“Signing Off… For Now”
I never thought I'd write something like this.
The past few days have been a little heavy—WhatsApp was down, I couldn’t post for a while. And even when I tried logging in through a different account just to keep the story going… there wasn’t even a single read.
I know—maybe not maybe, definitely—it was my fault.
I had the best scene in mind. But ideas alone aren’t enough. It’s a skill—presenting it, building an audience, keeping someone hooked. And maybe I haven’t mastered that yet.
The words and comments I did receive earlier... maybe they were from people who already knew me, or those who supported me because I once supported them. Not because the story truly reached them.

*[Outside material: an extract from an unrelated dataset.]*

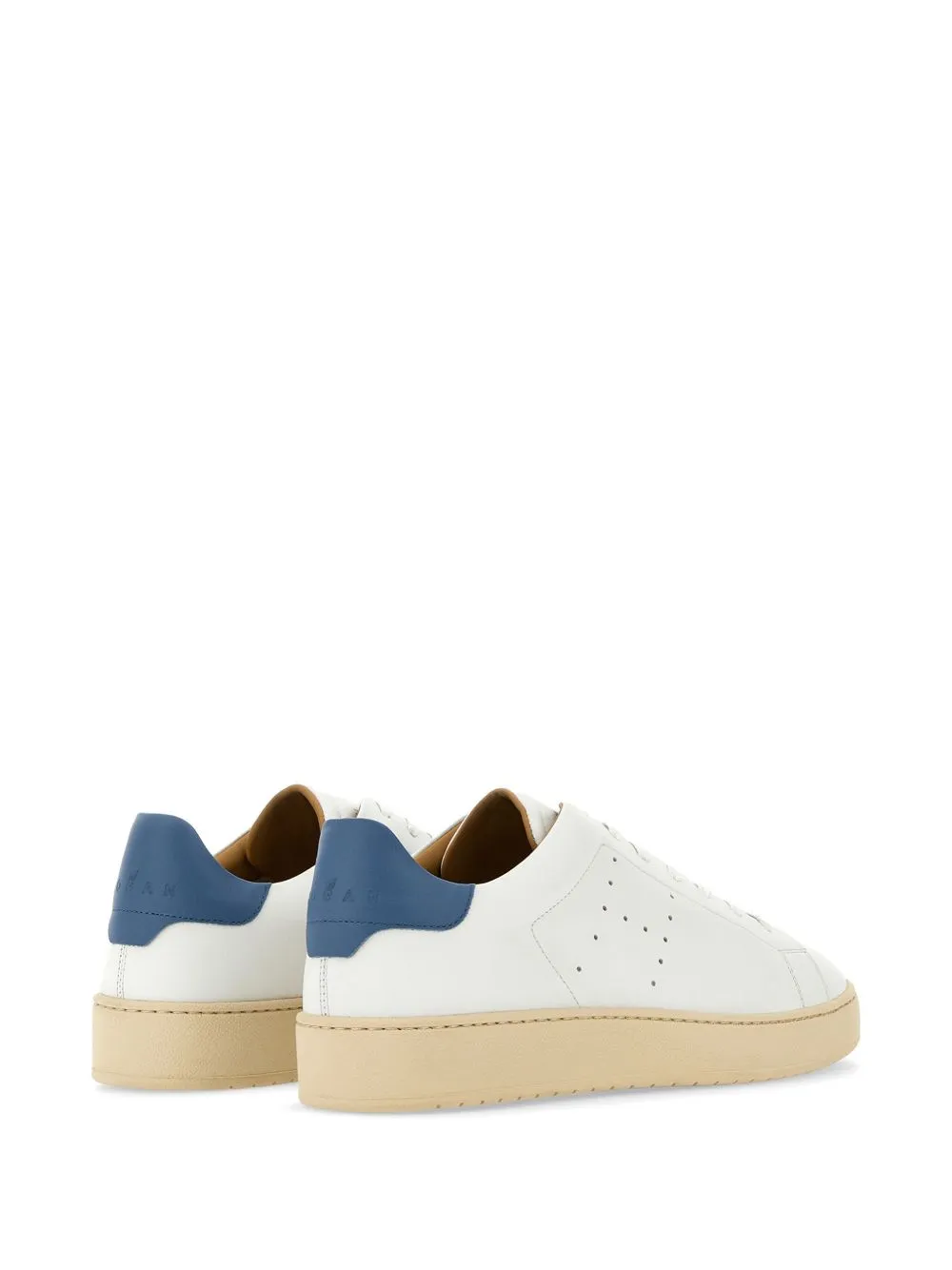 H672 leather sneakers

And now, it feels like... giving up.
I’m not saying this in the moment—I’ve felt it growing slowly. Like something is missing in my writing, the excitement, the hook, the way it should feel alive.

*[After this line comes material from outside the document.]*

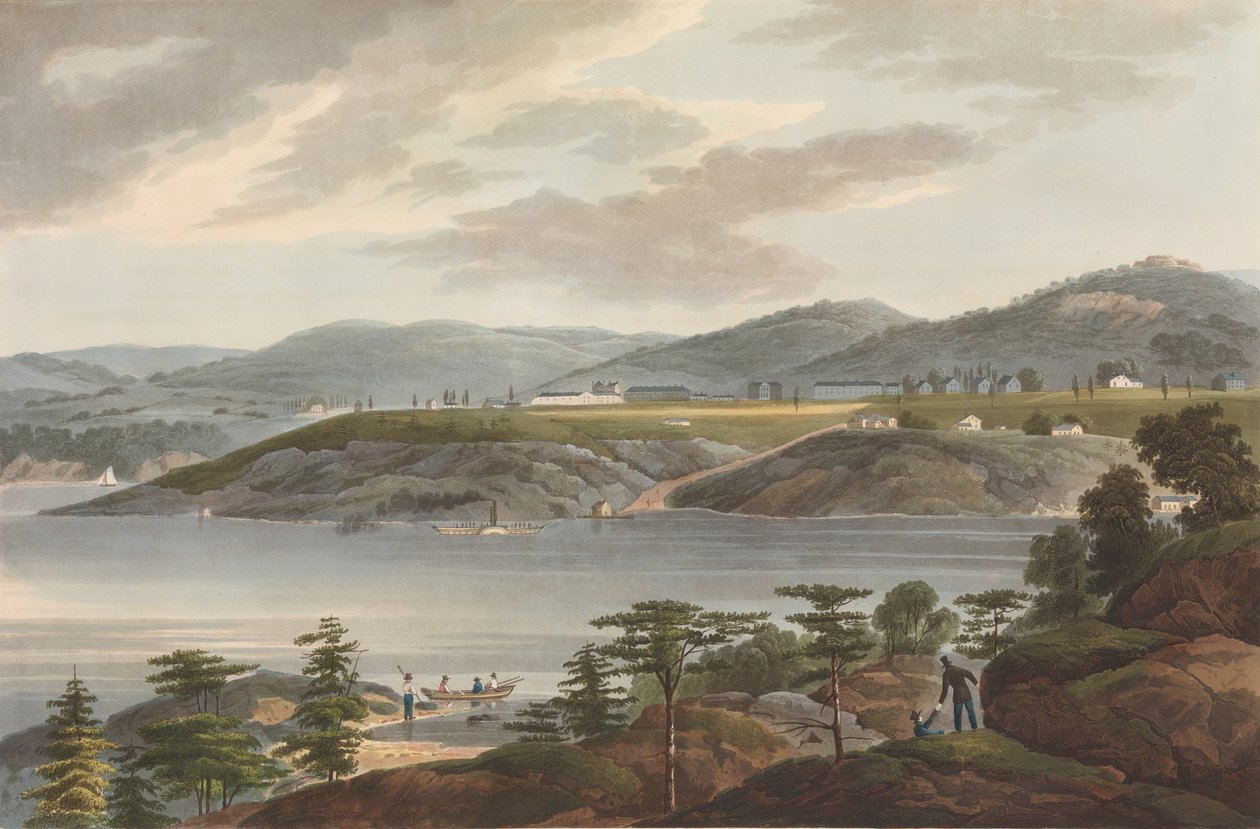 Hudson River Portfolion West Point nro 16, 1825. tekijältä John Hill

Truth is, I’d stay a little more motivated if I just had one read.
But this silence, it’s disheartening.
Maybe it’s not my time. Maybe I’m not ready yet.

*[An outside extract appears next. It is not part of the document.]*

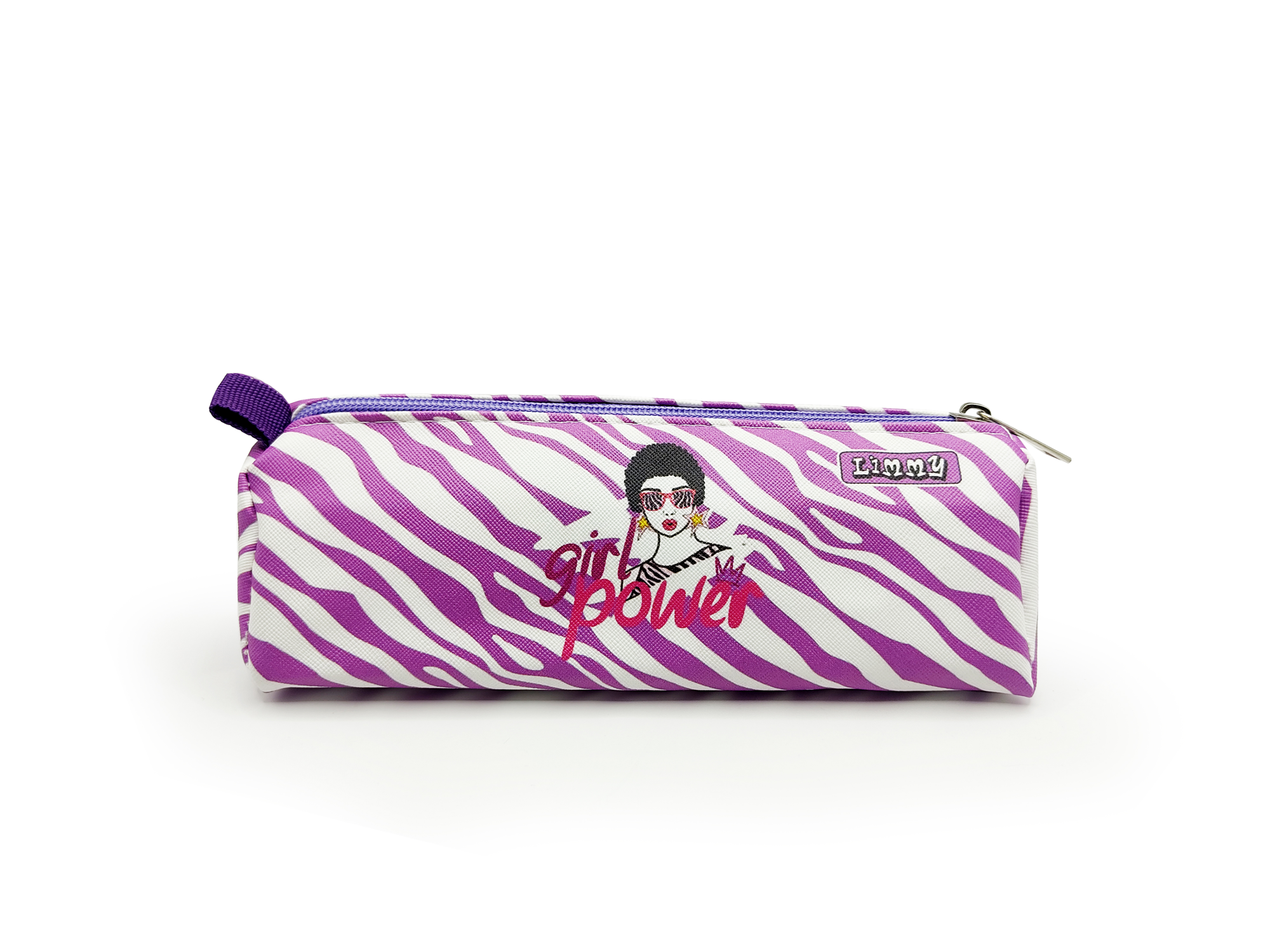 Kalem Kutusu Zebra Super Girl Kalemlik Üçgen Kalemkutu Vegan Deri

I truly respect every creator out there who just keeps going, no matter what. Because I… I’m just a normal writer.
One who might come back, maybe.
I won’t delete this story.
Somewhere, deep inside, a tiny part of me still believes that someone might understand what I tried to create.
And to the one or two people who truly enjoyed what I wrote—I feel accountable to you.
I’m sorry I couldn’t give you my best. I couldn’t keep the engagement.
But for now… I’ll sign off here.
Maybe silence will have answers that noise never did.